**Problem description:** Give back exactly the stretch of data below from the line holding "Hot Sell Beaded" through the line holding "Mezuzah handgeschilderd met", both ends included, and leave the remaining lines out.

**The data:**
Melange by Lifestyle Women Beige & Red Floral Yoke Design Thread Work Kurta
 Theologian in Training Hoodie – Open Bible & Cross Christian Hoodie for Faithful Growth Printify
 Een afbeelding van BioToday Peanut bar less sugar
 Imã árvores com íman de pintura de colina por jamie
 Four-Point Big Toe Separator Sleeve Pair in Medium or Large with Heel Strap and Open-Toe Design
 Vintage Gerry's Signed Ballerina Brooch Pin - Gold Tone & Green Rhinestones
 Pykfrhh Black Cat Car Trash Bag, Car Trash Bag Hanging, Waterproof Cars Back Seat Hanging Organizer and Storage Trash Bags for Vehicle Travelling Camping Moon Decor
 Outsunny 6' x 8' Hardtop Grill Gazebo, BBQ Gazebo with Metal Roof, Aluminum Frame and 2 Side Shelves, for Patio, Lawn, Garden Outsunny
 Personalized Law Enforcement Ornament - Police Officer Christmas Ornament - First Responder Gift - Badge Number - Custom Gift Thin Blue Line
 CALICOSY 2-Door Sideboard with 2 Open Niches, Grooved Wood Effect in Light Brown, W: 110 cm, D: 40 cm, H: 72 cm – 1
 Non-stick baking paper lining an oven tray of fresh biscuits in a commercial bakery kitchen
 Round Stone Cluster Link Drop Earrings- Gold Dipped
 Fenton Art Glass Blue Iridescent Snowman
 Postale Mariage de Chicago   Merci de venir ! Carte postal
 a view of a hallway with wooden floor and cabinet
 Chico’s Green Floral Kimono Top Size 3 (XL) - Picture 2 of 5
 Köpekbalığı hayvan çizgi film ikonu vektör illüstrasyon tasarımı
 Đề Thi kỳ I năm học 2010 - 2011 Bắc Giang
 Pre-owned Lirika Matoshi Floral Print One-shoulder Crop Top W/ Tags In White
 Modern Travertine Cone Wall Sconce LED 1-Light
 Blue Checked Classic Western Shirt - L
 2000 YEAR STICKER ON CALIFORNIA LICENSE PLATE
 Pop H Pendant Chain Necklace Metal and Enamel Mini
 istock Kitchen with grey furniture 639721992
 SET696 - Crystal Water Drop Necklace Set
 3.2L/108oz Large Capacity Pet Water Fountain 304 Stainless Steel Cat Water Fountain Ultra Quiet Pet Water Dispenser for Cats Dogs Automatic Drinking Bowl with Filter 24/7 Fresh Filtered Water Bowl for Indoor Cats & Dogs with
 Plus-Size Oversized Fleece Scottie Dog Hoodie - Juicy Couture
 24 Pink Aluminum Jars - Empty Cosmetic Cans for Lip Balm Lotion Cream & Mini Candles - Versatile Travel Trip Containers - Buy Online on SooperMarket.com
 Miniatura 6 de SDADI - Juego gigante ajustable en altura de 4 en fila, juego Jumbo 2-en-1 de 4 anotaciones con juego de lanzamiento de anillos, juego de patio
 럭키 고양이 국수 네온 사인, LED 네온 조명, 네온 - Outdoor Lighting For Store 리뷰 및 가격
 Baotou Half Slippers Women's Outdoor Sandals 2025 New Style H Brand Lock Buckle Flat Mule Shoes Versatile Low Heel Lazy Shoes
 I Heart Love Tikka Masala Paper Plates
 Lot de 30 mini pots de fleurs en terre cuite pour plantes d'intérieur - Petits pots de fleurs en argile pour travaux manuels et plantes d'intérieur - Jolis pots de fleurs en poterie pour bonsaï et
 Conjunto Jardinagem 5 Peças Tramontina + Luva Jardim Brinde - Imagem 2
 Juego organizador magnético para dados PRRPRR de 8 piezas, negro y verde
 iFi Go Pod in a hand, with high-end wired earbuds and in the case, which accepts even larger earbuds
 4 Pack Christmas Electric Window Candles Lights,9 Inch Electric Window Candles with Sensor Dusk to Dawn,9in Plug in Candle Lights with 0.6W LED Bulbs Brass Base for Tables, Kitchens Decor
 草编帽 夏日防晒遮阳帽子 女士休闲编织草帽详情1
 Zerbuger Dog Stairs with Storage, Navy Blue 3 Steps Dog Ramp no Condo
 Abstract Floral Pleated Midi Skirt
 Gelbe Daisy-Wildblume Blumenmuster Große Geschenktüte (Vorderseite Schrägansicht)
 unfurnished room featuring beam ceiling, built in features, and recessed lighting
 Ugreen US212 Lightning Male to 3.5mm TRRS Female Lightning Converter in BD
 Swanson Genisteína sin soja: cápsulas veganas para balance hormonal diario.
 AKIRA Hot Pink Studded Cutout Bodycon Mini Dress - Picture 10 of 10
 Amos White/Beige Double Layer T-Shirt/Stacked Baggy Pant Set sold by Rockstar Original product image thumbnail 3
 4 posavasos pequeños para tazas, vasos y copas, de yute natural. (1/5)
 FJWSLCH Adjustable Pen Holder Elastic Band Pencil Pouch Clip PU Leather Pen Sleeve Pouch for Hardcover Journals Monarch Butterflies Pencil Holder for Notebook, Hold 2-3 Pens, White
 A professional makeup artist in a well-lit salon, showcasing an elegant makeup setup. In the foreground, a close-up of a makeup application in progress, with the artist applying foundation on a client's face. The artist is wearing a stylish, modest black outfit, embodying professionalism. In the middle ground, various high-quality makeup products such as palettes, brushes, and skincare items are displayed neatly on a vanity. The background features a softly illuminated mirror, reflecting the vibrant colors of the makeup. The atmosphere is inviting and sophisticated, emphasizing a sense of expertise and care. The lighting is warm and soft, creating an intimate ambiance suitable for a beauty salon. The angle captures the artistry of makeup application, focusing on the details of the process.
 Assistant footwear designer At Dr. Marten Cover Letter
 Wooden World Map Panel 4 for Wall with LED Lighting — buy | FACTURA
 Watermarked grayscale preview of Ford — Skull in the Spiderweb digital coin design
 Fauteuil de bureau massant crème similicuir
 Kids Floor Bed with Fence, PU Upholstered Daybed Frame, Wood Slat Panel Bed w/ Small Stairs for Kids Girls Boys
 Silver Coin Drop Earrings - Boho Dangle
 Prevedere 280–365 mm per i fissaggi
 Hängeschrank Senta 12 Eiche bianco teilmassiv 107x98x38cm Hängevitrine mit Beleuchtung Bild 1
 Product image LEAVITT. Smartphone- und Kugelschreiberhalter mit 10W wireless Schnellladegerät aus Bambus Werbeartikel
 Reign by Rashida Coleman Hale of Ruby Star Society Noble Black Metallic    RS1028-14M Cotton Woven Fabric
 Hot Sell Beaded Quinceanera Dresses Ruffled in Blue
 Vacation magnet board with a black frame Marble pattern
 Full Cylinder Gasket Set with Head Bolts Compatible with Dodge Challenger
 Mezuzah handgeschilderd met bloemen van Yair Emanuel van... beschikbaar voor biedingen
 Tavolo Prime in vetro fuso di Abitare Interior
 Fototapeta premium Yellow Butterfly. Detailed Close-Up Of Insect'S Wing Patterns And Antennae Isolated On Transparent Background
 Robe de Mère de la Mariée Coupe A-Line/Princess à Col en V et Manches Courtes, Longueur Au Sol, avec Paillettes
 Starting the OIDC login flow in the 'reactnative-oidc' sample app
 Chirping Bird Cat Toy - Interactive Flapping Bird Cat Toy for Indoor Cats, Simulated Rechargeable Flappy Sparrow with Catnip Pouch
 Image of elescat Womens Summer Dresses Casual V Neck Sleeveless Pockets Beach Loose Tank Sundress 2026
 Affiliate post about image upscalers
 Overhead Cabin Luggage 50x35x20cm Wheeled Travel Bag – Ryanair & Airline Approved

**Reply:**
 Hot Sell Beaded Quinceanera Dresses Ruffled in Blue
 Vacation magnet board with a black frame Marble pattern
 Full Cylinder Gasket Set with Head Bolts Compatible with Dodge Challenger
 Mezuzah handgeschilderd met bloemen van Yair Emanuel van... beschikbaar voor biedingen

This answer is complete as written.